O contrato transacional é o o contrato multuamente aceito, recíproco e explícito. Normalmente são as regras estabelecidas desde o início do trabalho pelo contrato de trabalho e políticas da organização. Neste momento o contrato transacional está sofrendo grandes alterações e dúvidas: MP, alteração de contrato, abaixa salário ou banco de horas? Demite ou dá férias? Enfim. São inúmeras dúvidas para o RH, e que também geram ansiedade no colaborador. Portanto, se possível, realize um novo contrato falado, temporário entre os colaboradores, permitam que cocriem este novo momento. E RHs, não se coloquem como detentores da tomada de decisão, abra o jogo e convide colaboradores a sugerirem. Além de aproxima-los, não se admirem de vê-los engajados em resolver a situação. Sabe quando a família conta para os filhos que está passando por uma crise financeira? Pois é, mesma coisa. Não subestime a capacidade de compreensão dos seus colaboradores.

3. Contrato psicológico

O contrato psicológico é o implícito, o não dito, a cultura paralela (cultura de corredor) e todas as crenças que são construídas e muitas vezes validadas. Mas mesmo assim, não ditas. Um exemplo claro é a crença que muitos possuem de que o colaborador que faz somente a hora do contrato é menos engajado do que um workaholic (afinal o workaholic está dando seu sangue, e é sangue que a gente quer, não é mesmo?). Neste momento, aquele contrato psicológico que já estava ruim, poderá ficar pior. Portanto, é hora de acalmar todos os colaboradores. É hora de quebra de protocolos de rotina, controle, entregas. É momento de dar mais apoio e mediar a busca por soluções do que cobrar ou exigir algo, em uma situação totalmente nova para todos.

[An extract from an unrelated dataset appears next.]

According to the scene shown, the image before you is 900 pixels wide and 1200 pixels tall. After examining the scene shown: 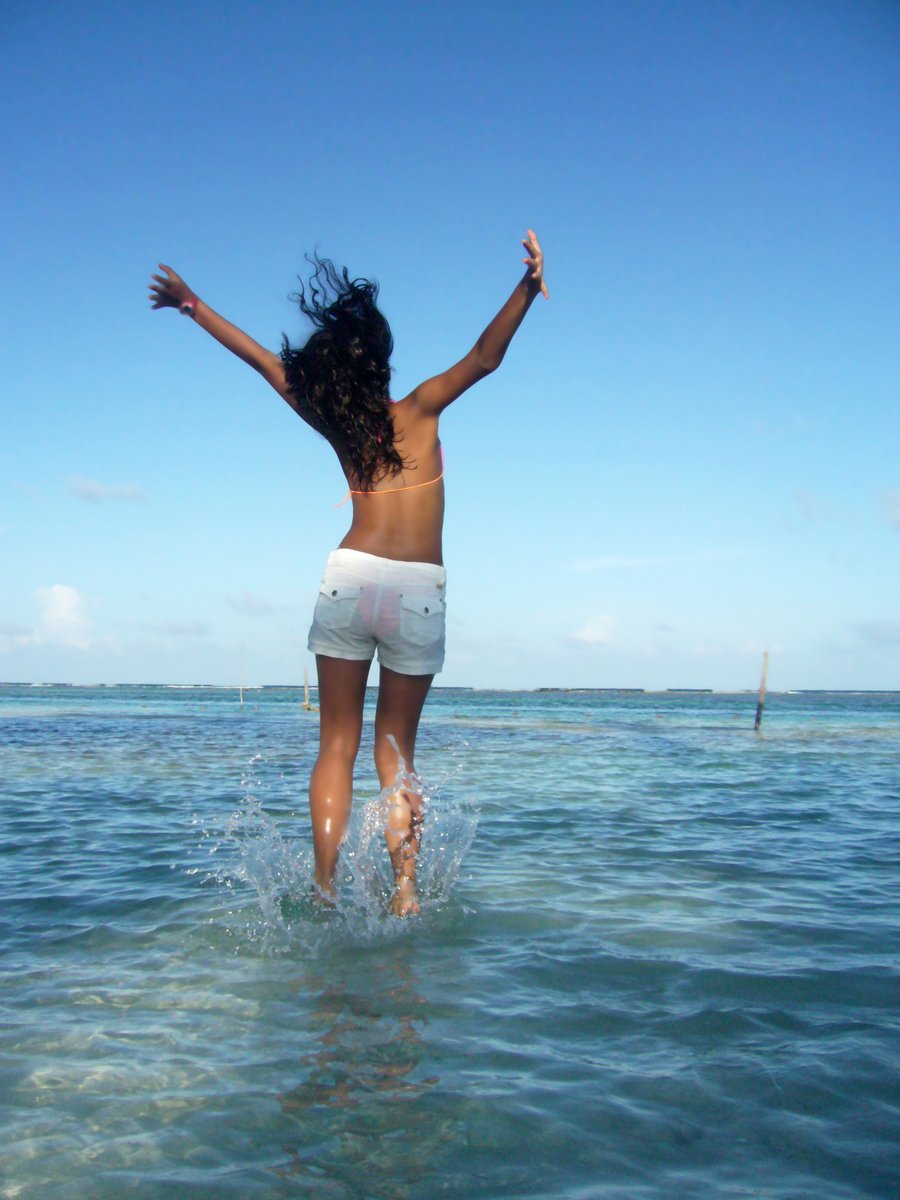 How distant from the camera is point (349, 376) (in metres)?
3.87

Não se surpreenda se as suas motivações extrínsecas não se tornarem mais necessárias. Aquelas organizações que conseguirem passar por este período fomentando motivações intrínsecas poderão ter uma grande oportunidades de fortalecerem sua marca empregadora, cultura e já estabelecerem, através da crise, parâmetros para Employee Experience.

E aí eu te pergunto, você deu ovos de páscoa para os seus colaboradores?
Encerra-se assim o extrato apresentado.